Paranormal Activity may be one of the biggest box-office success stories of the year. Viral marketing campaigns have thus far succeeded in framing the film as a cinematic event, and midnight screenings across the country have worked to solidify this quality – viewings where audience members have been encouraged to scream together in the dark and in general, to talk back. As the tagline says, “don’t see it alone” – a statement that underscores the way a film like this depends upon a collective experience for deliverance of its fullest meaning.

Recently given full commercial release by Paramount, the nature of this audience will necessarily change as the film is mainstreamed, with regular showings on the hour in addition to the midnight “events”. Not a “renter” by any means, Paranormal Activity continues to demand a certain kind of audience engagement as it fast approaches the status of pop culture sensation– with the question being, will you too participate in this hype machine?

Unquestionably, Paranormal Activity is scary, in large part due to its strategic placement of minimal visual effects, a necessity given the film’s shoestring budget of around $10,000. A story centered around a young couple’s dealing with paranormal events, the premise of the film is that this footage exists because of the boyfriend’s decision to record everything related to their struggle to understand, a decision that alienates his girlfriend. The couple’s growing antagonism (a result of the individuals’ vastly different approaches to the events) is largely responsible for structuring the narrative – tension that is more important than any single aspect of the plot.

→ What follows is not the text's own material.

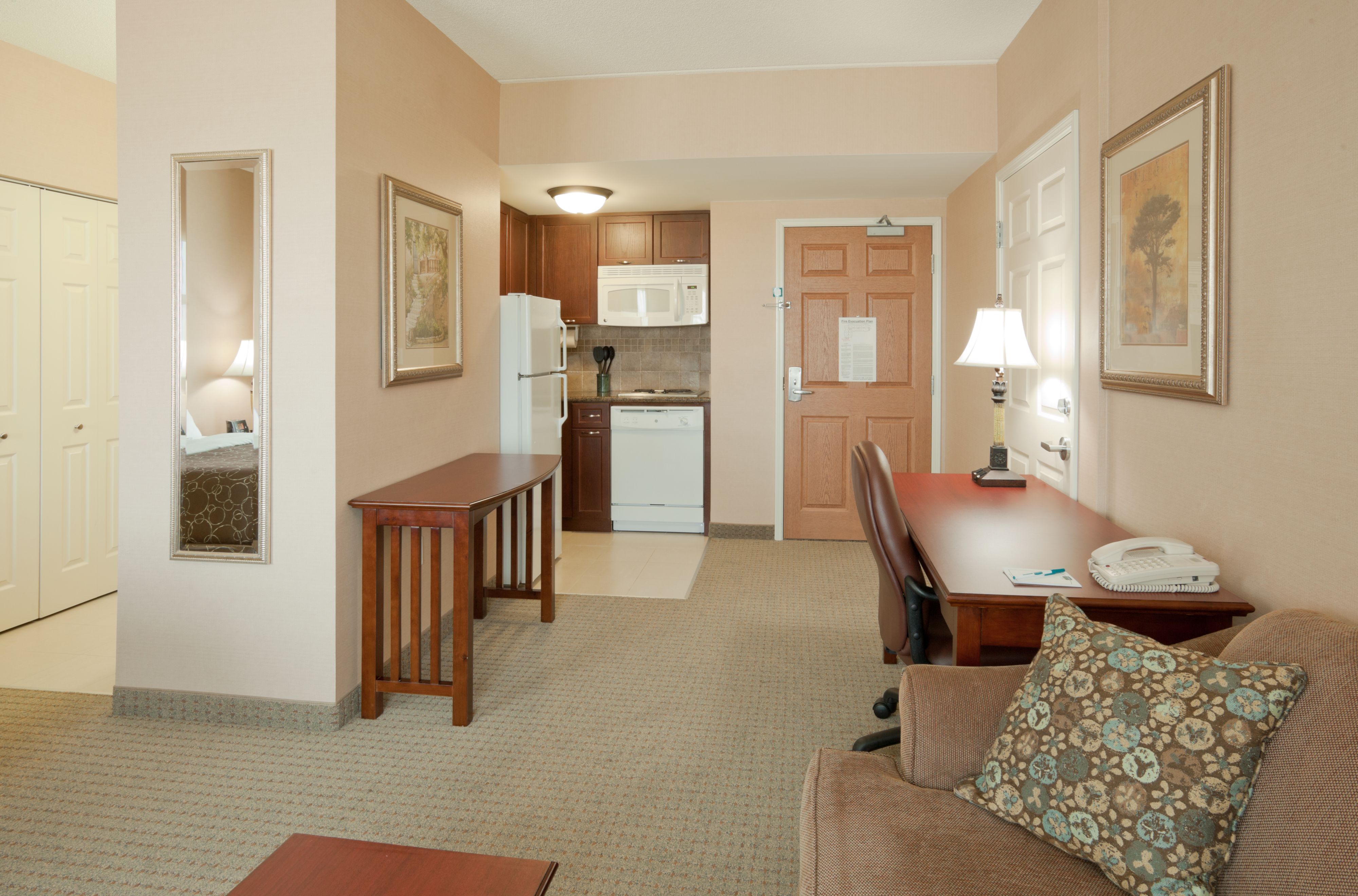 image Kitchen with essential appliances and a small dining area.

Their lives, documented in banal, reality TV-like fashion, serve to counterbalance the film’s moments of intense audience anticipation, sequences where the camera is turned on the sleeping couple as they await proof of these happenings. Viewers perhaps come to relish these moments alone in the dark with the camera, when the annoying couple finally shuts up, and their sped-up bodies toss and turn as they unconsciously await whatever is going to happen that night. The inevitable freaky shit is thus a welcome relief from the couple’s on-screen company, and the terrible things that happen to them can perhaps be best understood as a form of wish fulfillment.

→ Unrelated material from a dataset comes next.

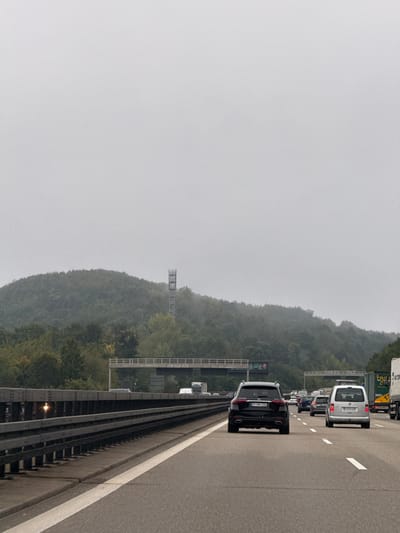 The image displays a multi-lane German autobahn, likely the A8 or A81, situated near Leonberg, Germany, on an overcast day. The perspective is from within a vehicle looking forward, capturing traffic.
In the foreground, the grey asphalt road surface features white solid and dashed lane markings. A metal guardrail with dark vertical posts runs along the left side of the highway.
The midground shows moderate to heavy vehicle traffic. A dark-colored SUV, identified as a Mercedes-Benz with the license plate "BB MB 2774" (Böblingen district), occupies one of the right lanes. To its right, a light-colored van, likely a Volkswagen, bears the license plate "LB C 2307" (Ludwigsburg district). Further ahead, a line of various vehicles, including cars and large trucks, is visible, extending into the distance. An elevated concrete overpass structure with traffic sign gantries spans perpendicular to the highway.
The background is dominated by a densely forested hill. A grey, lattice-style telecommunications tower stands prominently on the upper slope of this hill, partially obscured by atmospheric haze. The sky is uniformly grey and lacks distinct cloud formations. No individuals are explicitly visible, but their presence is inferred by the operation of the vehicles. The scene depicts vehicles in motion or stopped in traffic on a major highway.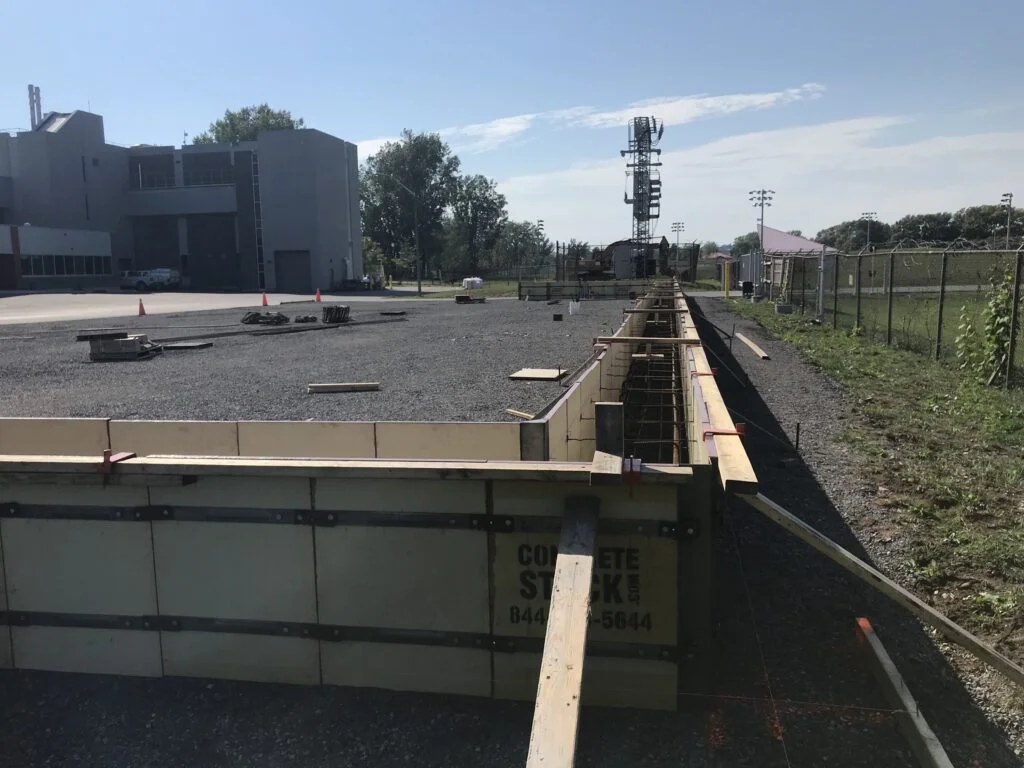 Fabric Building Foundations: Grade Beam Construction - Britespan Long concrete formwork with rebar prepared for a durable fabric building foundation on a construction site, ready for pouring.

It is this sense of the inevitable and the constant quality of the frame that make for an exhilarating viewing experience, however artificial it may feel going in. While expecting something each night, you get to wondering what exactly is possible in terms of visual effects; in other words, how creative is writer-director Oren Peli? Expectations being shaped by knowledge of the limited budget, the effects that are achieved come to seem like small miracles. Overall, it’s this experience of delivery that becomes addictive, helping to make up for the couple’s tedious navigation and re-cap of these more purely cinematic events.

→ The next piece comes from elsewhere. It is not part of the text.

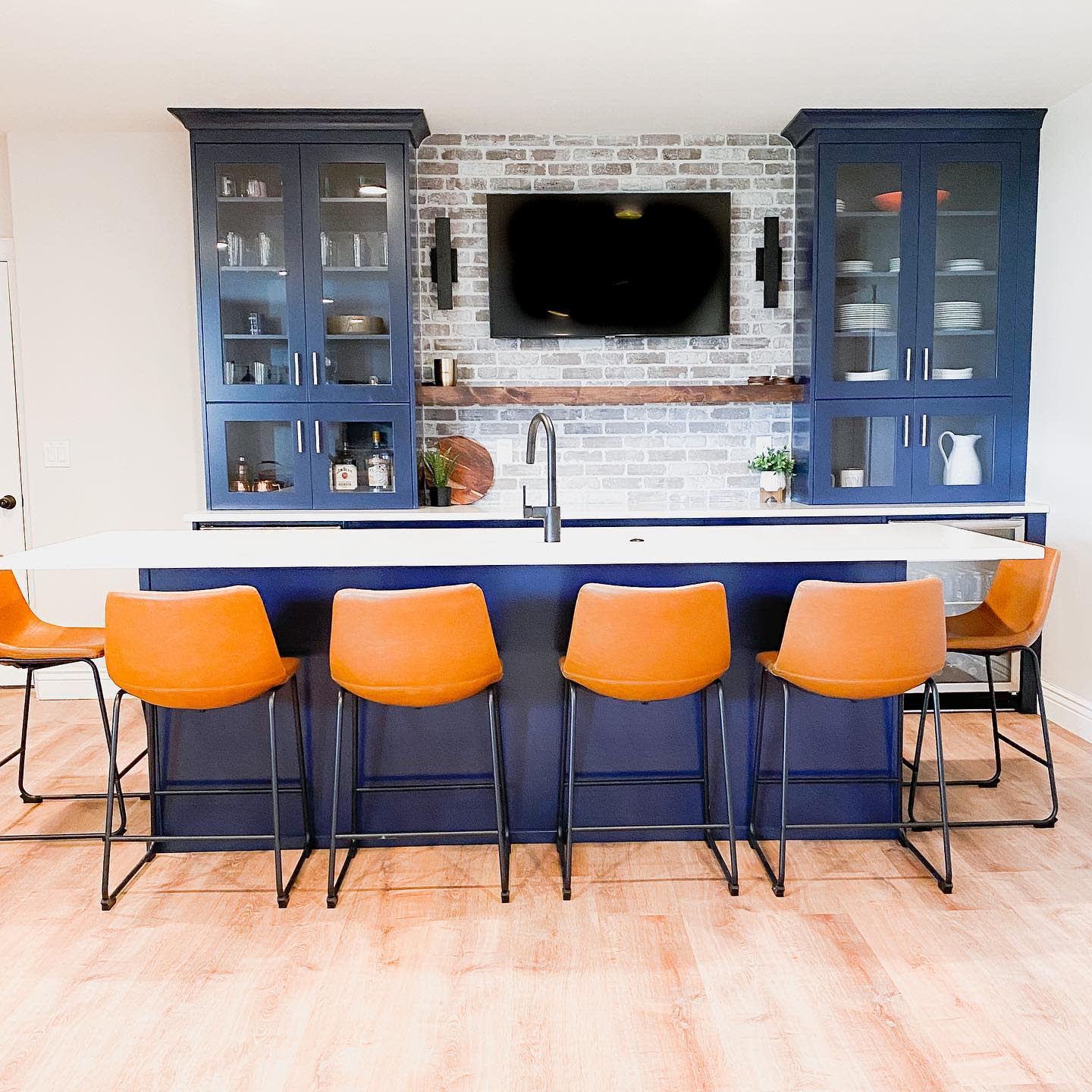 large kitchen with blue cabinets and orange chairs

Spoiler: at the end of the film, there appears simply a gray screen, a static non-image that aggressively confronts the viewer. One last scare, you wonder? While waiting for this final pay-out, you get to paying attention to the people you’ve sat in the dark with – you listen to their nervous laughter and the slow, bodily release of some of their fears. Who are these people and what do they think they’re doing, waiting here with you? Their presence, alongside you, is chilling. And then the cinema elevator music starts up suddenly, and you’re posed with the familiar star trivia on the screen again. But it’s no longer comforting.